Tags:Automatic Differentiation, GPU Acceleration, In-Database Machine Learning and Main-Memory Database Systems
Abstract:
In machine learning, continuously retraining a model guarantees accurate predictions based on the latest data as training input. But to retrieve the latest data out of a database, time-consuming extraction is necessary as database systems were rarely used for operations such as matrix algebra and gradient descent.
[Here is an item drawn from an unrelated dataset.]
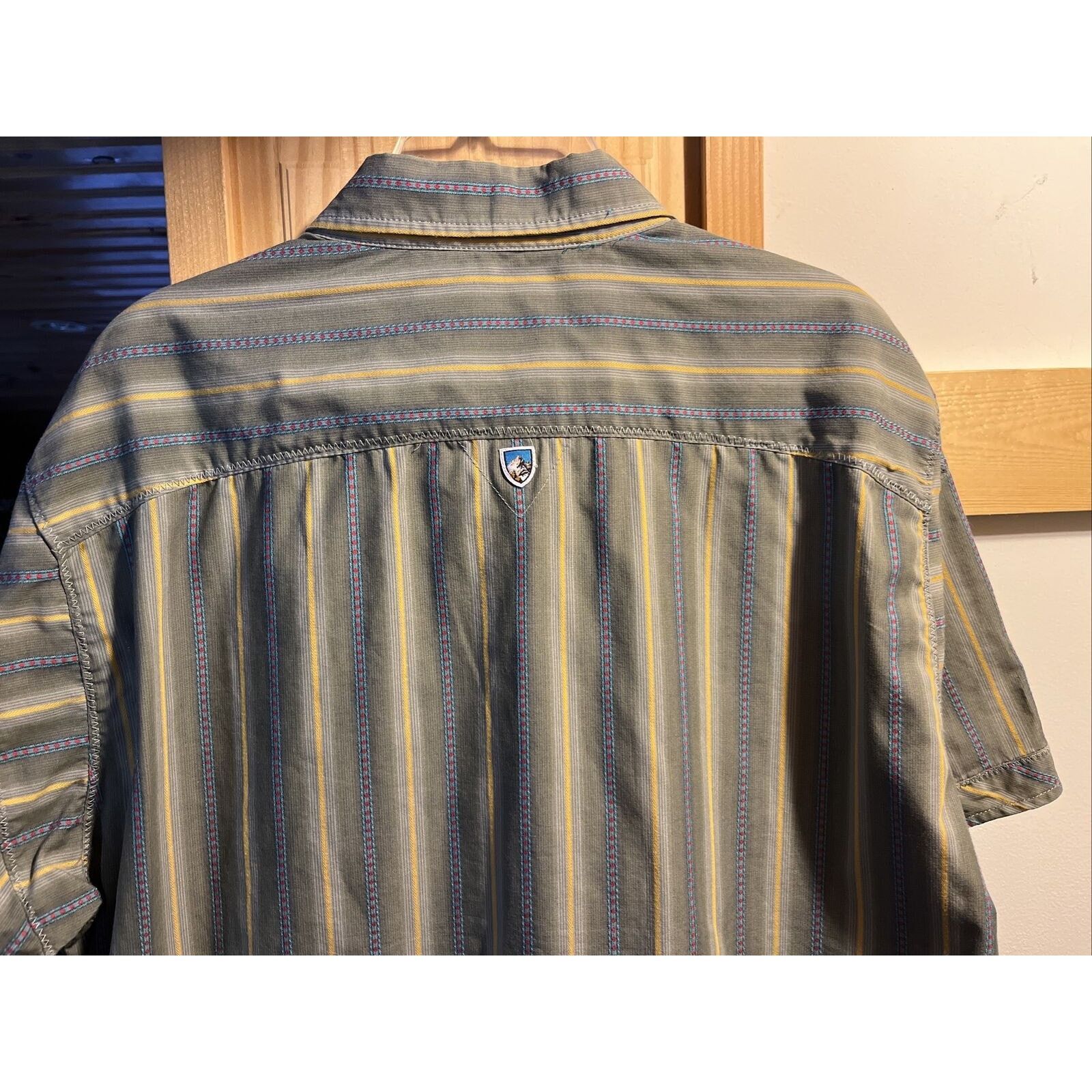 Kuhl Kuhl Men's L Gray Striped Button Down SS Cotton Poly Shirt Size US L / EU 52-54 / 3 - 9 Thumbnail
In this work, we demonstrate that SQL with recursive tables allows to express a complete machine learning pipeline out of data preprocessing, model training and its validation. To facilitate the specification of loss functions, we extend the code-generating database system Umbra by an operator for automatic differentiation for use within recursive tables: With the loss function expressed in SQL as a lambda function, Umbra generates machine code for each partial derivative. We further use automatic differentiation for a dedicated gradient descent operator, that generates LLVM code to train a user-specified model on GPUs. We fine-tune GPU kernels on hardware level to allow a higher throughput and propose non-blocking synchronisation of multiple computation units. In our evaluation, automatic differentiation accelerated the runtime by the number of cached sub-expressions compared to compiling each derivative separately. Our GPU kernels with independent models allowed maximal throughput even for small batch sizes, making machine learning pipelines within SQL more competitive.